I LOVED yesterdays discussion. Fairy tales have always been one of my favorite kinds of stories and getting to spend a whole class discussing them was such a treat. So many things were talked about that I had never realized with fairy tales before.

One thing I really appreciated was the emphasis on how fairy tales are unexpected. I try and write a lot and I often run into the problem of making my stories realistic. I feel like they need to be the most believable, predictable thing on the planet. I forget that the stories that usually take you away the most are the unpredictable ones. The ones full of wonder and unexpected twists and turns.
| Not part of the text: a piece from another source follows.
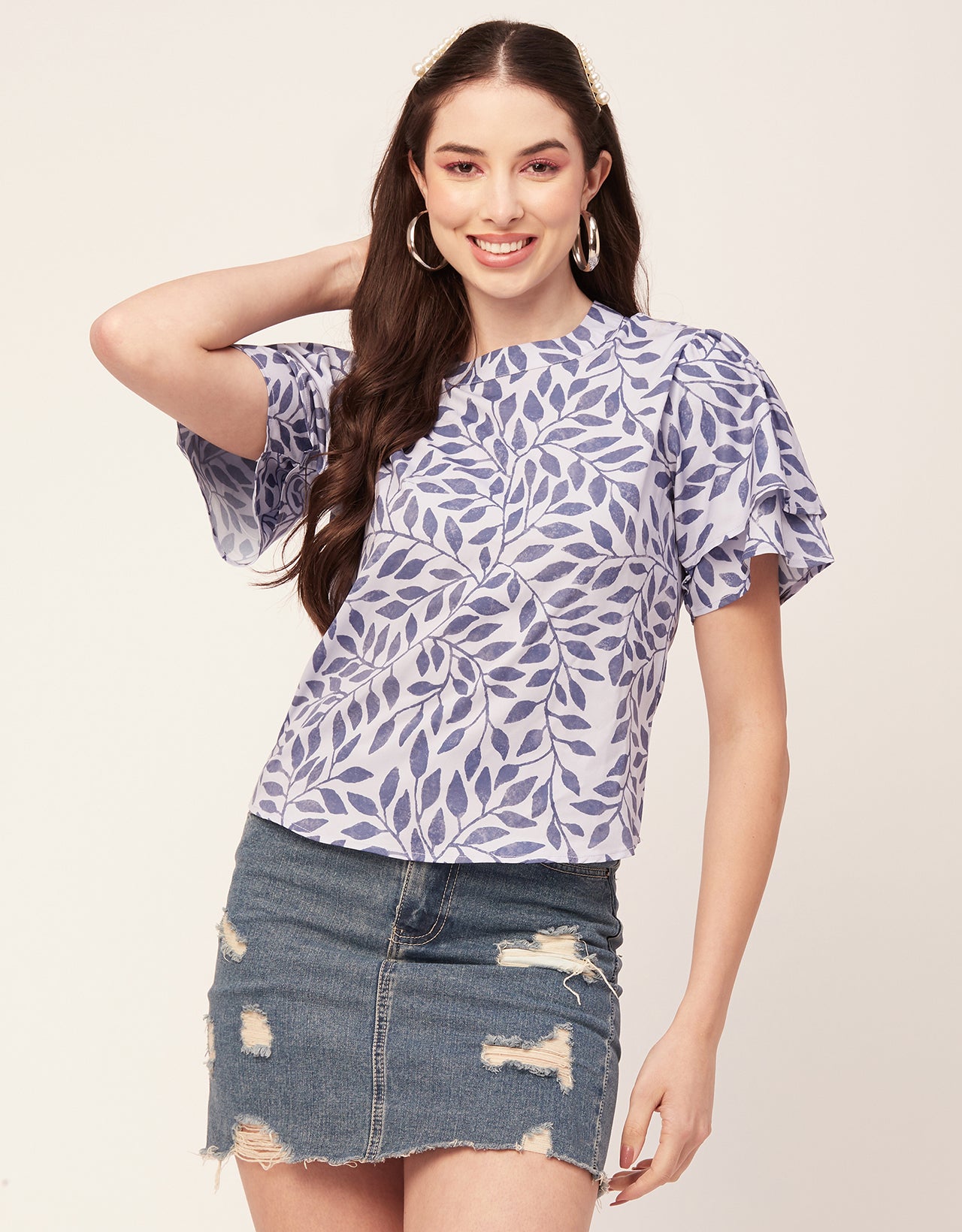 Printed Flutter Sleeve Top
I loved the line in Buechner's chapter on fairy tales when he says that in a fairy tale there are often three golden caskets and you don't know what will happen when you open one. There's a beautiful queen who turns out to be an evil witch. Nothing is expected. Nothing is set. Nothing is predictable.

Fairy tales take you away in a way that no other story can. When Master Leeper read the story about the little boy who found the castle I was taken away. I closed my eyes and the combination of Leeper's master storytelling and the brilliance of the story painted an image in my mind as clear as day. I could see the castle. I could see the boy and his family. It was the same with the story of the selfish giant. Novels can't take me away like that, comedy or tragedy. If Leeper read the Three Musketeers in class, while I would love the story, I wouldn't be transported to the world of the Musketeers in quite the same way. There's something magical about stories full of magic and wizards and dragons. I think some of the magic from the stories seeps out into the real world and for a little while the worlds touch. They kiss in a beautiful moment of unity. It never lasts, but I live for those moments when I can experience a world a little more magical than this one.

I have come to understand how incredible children's literature really is. Before this class I didn't have the appreciation for it that I do now. I figured that while they were good stories there still wasn't the literary mastery that people like Dumas' and Austen and Cervantes possess. I was very wrong. They might not be wordy like Don Quixote, but they don't need to be. They are beautiful in their simplicity. They paint a picture with fewer brushstrokes, and often smaller ones, but the painting has a brilliance about it that can't be matched.

There's a magic about children's stories that is beautiful. Leeper mentioned it when he said children approach stories with wonder, wanting to know what's next to learn. And children's stories feed that wonder, that desire for unknown knowledge. As an adult I lack that and have to consciously choose to be in wonder once again. Like Leeper said, apples in fairytales are golden to show us that green apples truly are wonderful. Rivers run with wine to remind us of the awe of rivers running with water. What I said earlier about wanting a world that was a little more magical than this one, I don't know how true that is anymore. Maybe I just need to see this world a little more clearly through the lens of fairy tales. Maybe fairy tales would teach me how to see the world properly if I just let them.


1 comment:

  1. We could try the Musketeers but my voice would wear out long before we got tho the good parts.